WORK TO BE COMPLETED: Your task is to return exactly the lines that run from the one containing "Long-Wear Cream Shadow" through the end of the listing below, without any pictures.

DATA SECTION:
|---|

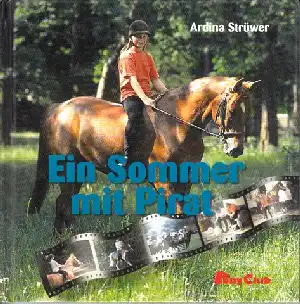 Strüwer, Ardina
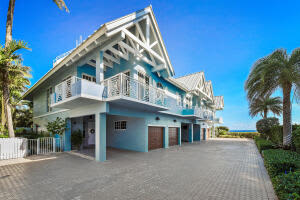 1835 S Ocean Blvd, Delray Beach, FL 33483, Sold 01/31/22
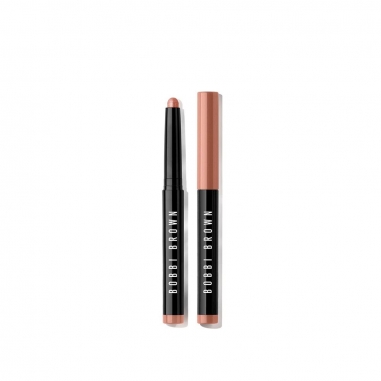 Long-Wear Cream Shadow Stick-Stone流雲持久防水炫彩眼影筆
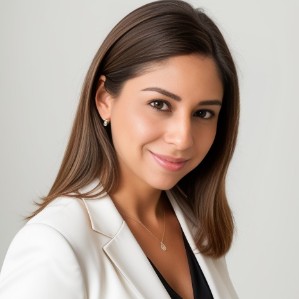 DIANA CAROLINA ROJAS TORRES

|---|

REPLY TO THE TASK:
 Long-Wear Cream Shadow Stick-Stone流雲持久防水炫彩眼影筆
 DIANA CAROLINA ROJAS TORRES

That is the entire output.